As I was browsing around (Weinberger, Vander Wal, et al.), though, I think one of the things that tripping me up is this apparently simple binary. Like DW, my assumption about folksonomy was that it referenced the order that emerges from the process of tagging ("I had been thinking that a folksonomy is one way order emerges from such set of tags"), as opposed to the kind of order that is imposed upon a set of data from above. In other words, I think that I've been assuming, ultimately, that taxonomies and folksonomies are two paths to the same endpoint.

But I think it's important (now) to note that the two paths lead to very different ends, a point that TVW's use of the term has slowly moved me towards. There's some overlap, to be sure. Taxonomies are forms of organization, but they are often also placed in service to other goals. DW has a nice riff on the Dewey Decimal System, for instance, that makes note of the ethnocentrisms and nationalism involved in the DDS, cultural asymmetries that are "necessary" because the DDS isn't meant as a mapping of all human knowledge but as a means to map out various libraries in this country. There is some practical value to spreading out call numbers evenly across the books on the shelves, even when those books reflect (and to be fair, construct) a partisan perspective. However, there's an extent to which taxonomies are (or strive for) an optimal representation of whatever data are being classified.

From a recent presentation, TVW explains that "People are not so much categorizing, as providing a means to connect items (placing hooks)," and that helps me get at what I'm looking for here. At the risk of trotting out another binary, there's a product/process difference here. Folksonomies involve order on at least two levels. One is the personal vocabulary of a given user; folksonomies are intrinsically social to the same degree that language is, but they need not involve multiple users (although they often do). This is TVW's distinction between broad and narrow folksonomies, I think. A narrow folksonomy is likely to express order only at this first level, in terms of a user's vocabulary. The second level of order comes from the broad, more social folksonomies, where many people are tagging the same object so that particular patterns emerge. For example, the top 10 or so tags for the article I just linked are folksonomy/folksonomies, tagging, tags,, flickr, metadata, socialsoftware, classification, taxonomy, and article. The tags across users (250 or so in this case) acquire a certain amount of stability.
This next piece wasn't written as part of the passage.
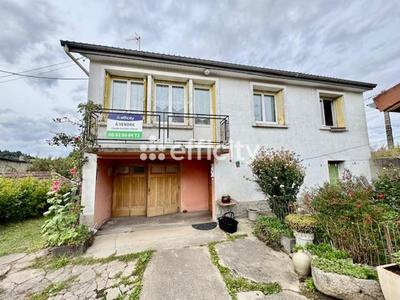 Maison - 130 m² - 8 pièces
These two "levels of order" I'm describing correspond, I think, to TVW's two "triads" (slide 32 of the presentation linked above)--one grounded in "identity" and the other in "community." The trick, I think, is that for taxonomies, there is no corresponding "identity triad," and so setting the two in simple binary form predisposes me to see only the second level of order as being "properly" described by folksonomy. And thus I was initially tempted to say that folksonomies are necessarily social (in the multiple user sense).

In a sense, then, I guess I'm working around to the idea that folksonomies are activities rather than systems or products, despite the fact that things like tagclouds, as visualizations of those activities, offer a static impression of those activities. A lot of the analysis that I see in TVW's work speaks of the trending that folksonomies allow, and that works for me with defining it as an activity--there's an extent to which a single tagcloud, produced in a given moment, only has value when it can be compared synchronically (to other clouds) or diachronically (to other versions of itself).

That's probably enough for now. I've got 3 or 4 wiggling threads that I want to pull on a bit more, but it's getting late. And before you say it in my comments, yes, I realize that I'm arriving here at ideas that have been circulating for more than a year. My point here hasn't been so much to say something new as to say it for/to myself.